The Road Wrinkles That Winter Leaves Behind
One fed-up Yankee farmer takes road repair into his own hands
April Fools’ Day, opening day of fishing season, Easter and IRS income tax deadline day are all memorable dates that occur every April. But, for most New Hampshire residents, April is also the month known for unpassable roads. It varies a little bit each year with the weather and coming of spring, but typically April is when frost heaves, potholes, bumps, sinkholes, deep muddy ruts, divots and other assorted road wrinkles appear at their worst.
Town road agents and highway crews do their best to keep up with deteriorating conditions, but sometimes they just can’t handle it all and local citizens have to take matters into their own hands. That reminds me of a true story that was told to me by Elmer Jackson, the old farmer who owned my farm before me.
It seems that many years ago, Elmer’s grandfather, Old Frank Jackson esquire, owned the farm and was known locally as Squire Jackson. He had a herd of Guernsey cows and ran a profitable dairy farm and did some logging too. He also cut and sold ice off of Horseshoe Pond before rural electricity arrived, but his real talent and love was for ox teams.
Squire Jackson raised, trained and sold oxen, and produced some of the finest teams in the state. He worked them daily in the woods, snaking out heavy logs and using them around the farm to pull plows, wagons loaded with hay or ice, and other farm implements in the days before tractors and trucks.
Squire Jackson’s teams built up unbelievable muscle strength from their daily work routine, and the bond he developed working with them meant that he did very little prodding or whipping to get them to move. Usually a quiet “gidup there” was all that was needed. It was said that the Squire and his team never came home from the county fairs with less than a blue ribbon in the oxen-pulling contests.
One spring when the roads were particularly frost-heaved and filled with potholes, the local road agent didn’t seem to be doing much about it.

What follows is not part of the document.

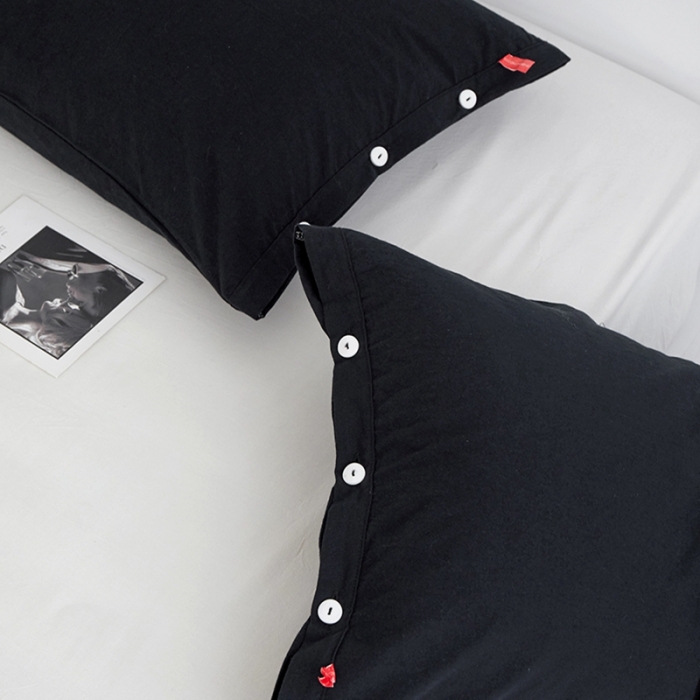 91家纺网 家纺一手货源 找家纺 安莱生活 2023新款水洗棉全棉色织高支高密纽扣款工艺单品枕套 炭黑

Rumors circulated that the road agent was spending too much time on the opposite end of town where a lonely young widow lived, and it didn’t appear that he’d be getting to Jackson’s side of town to repair the roads anytime soon. Old Squire Jackson decided to take matters into his own hands.
At the time, he had a team of Polled Hereford oxen named Ike and Mike( ’cause they looked alike) and he hitched them up to a drag scoot and walked them up the hill to the center of town. At the point where Horseshoe Pond Road meets the sideline of Flaghole Road, he pounded a line of 3-foot-long, number 6 rebar pins deep into the ground all the way across the intersection. With the road sufficiently pinned, he walked the oxen back down the hill to the sharp corner in front of his farm at the intersection with Sanborn Road (correctly pronounced “SAN-bunn Road”).
At the sharp corner, Squire Jackson took the drag hook from the scoot and pounded it down deep into the road with a double-jack hammer. He quietly suggested, “Gidup there” to Ike and Mike, and they leaned into their yoke, strained for a moment, and then plodded down Sanborn Road. There was some creaking and cracking, followed by a popping noise and a sudden sharp SNAP! Then the entire ribbon of road all the way back up to the anchor pins at the Flaghole Road intersection lifted off the ground momentarily, fluffed itself out perfectly straight in the air, and settled back onto the road bed without a single wrinkle anywhere in sight.
Every frost heave, pothole, bump and grind was gone when Squire Jackson unhitched his team and sent them back to the barn. Being a somewhat cantankerous individual, the Squire then went into his office and made out a bill for the work done and sent it to the road agent, c/o the lonely widow on the opposite side of town, demanding payment in full upon receipt for his labors.
Now, if any of you reading this have any doubts whatsoever about the truth and accuracy of this story, then I suggest you go back to the beginning and re-read the first two words.